With the budget end of the DVD market getting painfully crowded and debilitatingly cut-throat, some respected manufacturers are shying away from it and thinking 'high end' instead. One of those is Marantz - and DVD players don't come much more 'high end' than the company's range topping DV9500.
Of course, £1,500 is a hefty price, but when you discover what it buys, you can understand.
Take, for instance, its build quality. The silver DV9500 auditioned (black is also an option) looks nothing short of imperious, thanks to the opulence of its metallic finish, ultra-slick disc slot and minimalist buttonry. It's also so phenomenally robust that you feel like you could run a tank over it without causing a dent. And its weight suggests all manner of premium grade components.
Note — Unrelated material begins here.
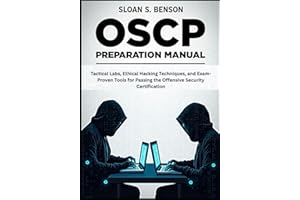 OSCP Preparation Manual: Tactical Labs, Ethical Hacking Techniques, and Exam-Proven Tools for Passing the Offensive Security 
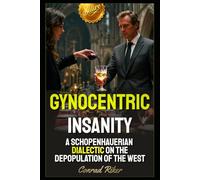 Gynocentric Insanity: A Schopenhauerian Dialectic on the Depopulation of the West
Connectivity hints further AV glories, too. Particularly eye-catching is an HDMI output for all-digital connection with a suitably-socketed screen. And as I would have hoped on such a top-line DVD deck, the HDMI output can be used to deliver 720p or 1080i images via onboard picture upscaling.
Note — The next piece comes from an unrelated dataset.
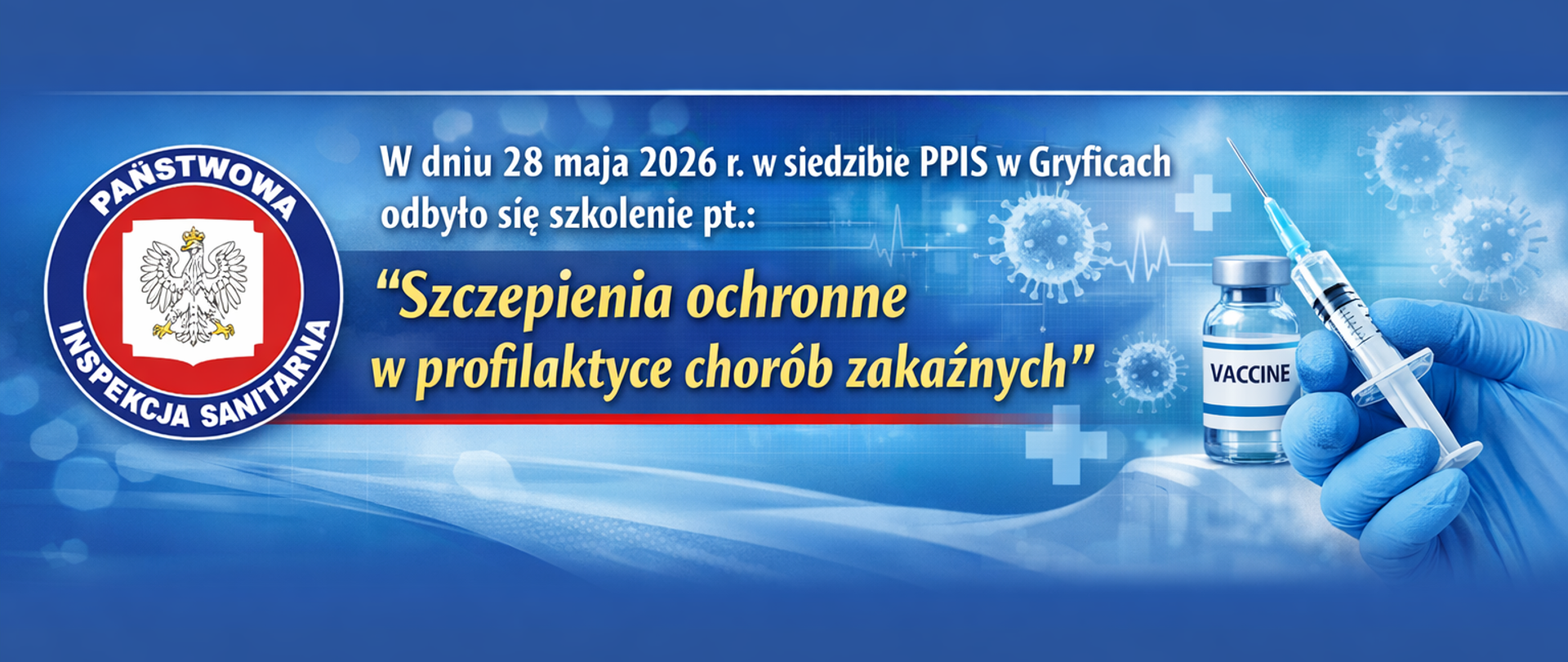 W dniu 28 maja 2026 r. w siedzibie PPIS w Gryficach odbyło się szkolenie pt.: „Szczepienia ochronne w profilaktyce chorób zakaźnych"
Accompanying this all-important HDMI jack are a set of component video outputs, an RGB-ready Scart, the usual - but in this company, eminently avoidable - composite and S-video options, coaxial and optical digital audio outputs, an RS232 port for custom installation integration, and a seriously spacious set of multichannel audio phono outputs. The space between each line out is necessary to accommodate Marantz-engineered 'HDAM' discrete circuit boards provided for each individual channel.
Universal spinner
Features beyond those already mentioned are numerous. The most significant, however, is the DV9500's universal disc playback, meaning it can handle Super Audio CD and DVD-Audio discs as well as the usual DVD-Video and CD flavours.
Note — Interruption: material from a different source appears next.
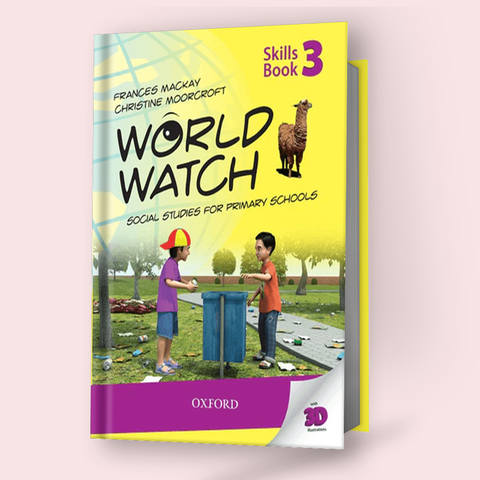 World Watch Social Studies Skill Book 3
But also registering interest are its progressive scan output, onboard DTS and Dolby Digital decoding, serious 216MHz/14-bit video D/A conversion, full 192kHz/24-bit audio conversion, multiple picture adjustments and a lip-sync corrector. Yes, this thoughtful little beauty allows you to introduce variable delay between the picture and sound from the DV9500 to compensate for any lip-sync issues generated by your screen (a problem with some LCD, DLP and plasma devices).
It's also worth mentioning that the DV9500 carries a completely new feature - DTS 96/24 and Dolby Headphone processing. This aims to recreate a 5.1-channel soundstage from just an ordinary set of headphones, without causing 'listener fatigue'.
Thankfully, the DV9500 doesn't undermine all of its front-end finery with a slip-shod performance. Far from it. I've been reviewing DVD players - loads of them - since DVD first appeared, so it takes a lot to shock me these days. But that's precisely what the DV9500's pictures did. For the first hour of my review I was transfixed by its images.
Perhaps their most outstanding characteristic is sharpness. Using either the HDMI or component output (and surely nobody spending this much on a DVD deck would use anything less) I think you'd have to pay significantly more to see a DVD picture look more sublimely textured or finely detailed. The tiniest weave in the most subtle of suits, for instance, is immaculately rendered, faces have layers of character and scenes have tangible depth as backgrounds become clearer and richer - highly impressive.